Tra qualche giorno ricomincerò la mia attività, ritroverò i miei allievi, i volti conosciuti, ma anche nuove persone con cui cominciare a costruire un cammino. Ogni Settembre mi sento insicura e sovrastata dall’idea di dover affrontare un nuovo lungo periodo di lavoro, chiamata ad essere sempre pronta e all’altezza delle aspettative. Mi sembra di non farcela, a vedermelo lì tutto disteso, questo calendario infinito di passi di danza, temo che le incertezze siano troppe e che le nuove competenze apprese non abbiano avuto tempo sufficiente per sedimentarsi al punto da poter essere trasmesse. Negli anni ho imparato a accettare e gestire questo mio lato vagamente paranoico, perché ho compreso che si tratta solo del mio ego, messo sotto torchio dalla paura di non riuscire a soddisfare le aspettative degli altri. Allora tiro un respiro profondo e faccio qualche passo indietro, lasciando che la danza sgorghi liberamente dal mio corpo e dalla mia creatività. Esiste una memoria antica di tutto questo bagaglio in me, praticamente impossibile da cancellare, quindi faccio del mio corpo un foglio di carta pulita e lascio che le linee e i segni solchino estemporaneamente la grana di cellulosa. Gli allievi sono un sostegno formidabile in queste delicate fasi dell’inizio, una presenza essenziale per motivare i movimenti e i gesti del mio essere insegnante. Sono proprio loro ad ispirare concetti e idee, argomenti da trattare, contenuti e il modo stesso di trasmetterli.
In effetti la cosa che mi rende leggera e gioiosa nell’affrontare questo difficilissimo mestiere, verso il quale nutro un timore reverenziale, è che di fronte alla danza siamo sempre un po’ tutti principianti, o comunque è così che bisognerebbe porsi per progredire nella comprensione. Ogni possibile concetto sul movimento danzato, anche quelli relativi alle questioni tecniche di base, che spesso si danno per scontati, può essere periodicamente ripreso, scandagliato, analizzato, e anche confutato, se alla fine del processo si è giunti ad una conclusione più convincente di quella che si aveva precedentemente.

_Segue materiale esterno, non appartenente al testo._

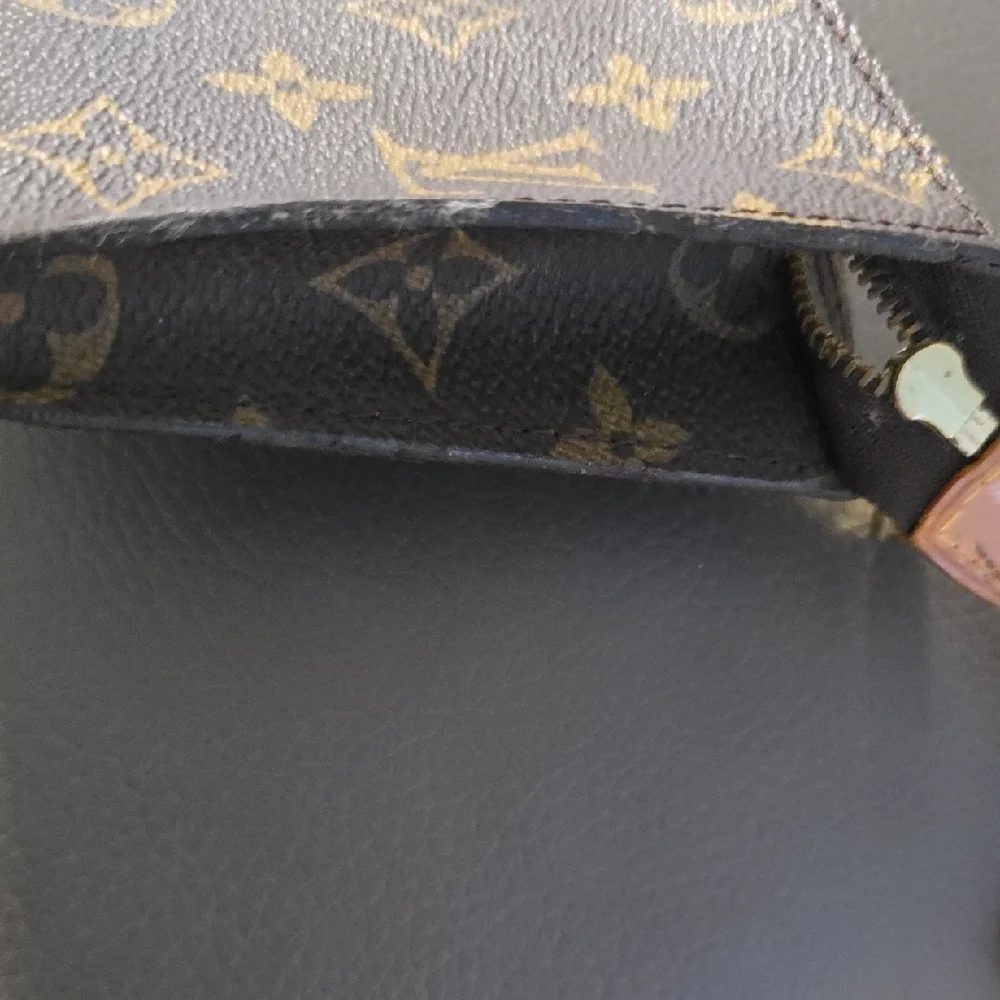 Louis Vuitton Women's Luxury Wallet - Picture 8 of 8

Ecco, ancora una volta, che mi ritrovo a scendere dal piedistallo laccato dell’insegnante, per portarmi sullo stesso piano degli allievi, luogo in cui sicuramente mi sento più a mio agio, perché per me la lezione è un momento di condivisione e di indagine collettiva, che può funzionare solo se anche l’insegnante si pone con l’atteggiamento puro del principiante.
L’estate aiuta moltissimo in questo senso, perché il periodo che intercorre tra una stagione di studio e l’altra è un tempo fondamentale per gestire tutte le informazioni accumulate nei mesi, metabolizzare quelle che abbiamo compreso a livello esperienziale, e liberarsi di quelle a cui non abbiamo ancora avuto accesso, perché non erano giuste per noi o forse perché non è ancora il momento giusto per contattarle. Il corpo compie da solo questa operazione, nel modo più naturale possibile, e quando ci metteremo alla sbarra, nella prima lezione dell’anno, potremo fruire del suo lavoro, ce lo troveremo già pronto.
La morale di tutto questo è che, sebbene la danza non sia più il vertice unico delle mie passioni, nutro ancora una notevole fiducia nei suoi confronti e in quello che abbiamo costruito nella nostra ormai lunga vita insieme. Quello che farò, come ogni anno, sarà lasciare il fiume libero di scorrere, senza troppe preoccupazioni, con la certezza che il suo percorso lo porterà comunque, infine, a gettarsi nel mare.
Buon inizio a tutti i colleghi, che possa essere un bellissimo anno, nella luce e nella gioia di danzare!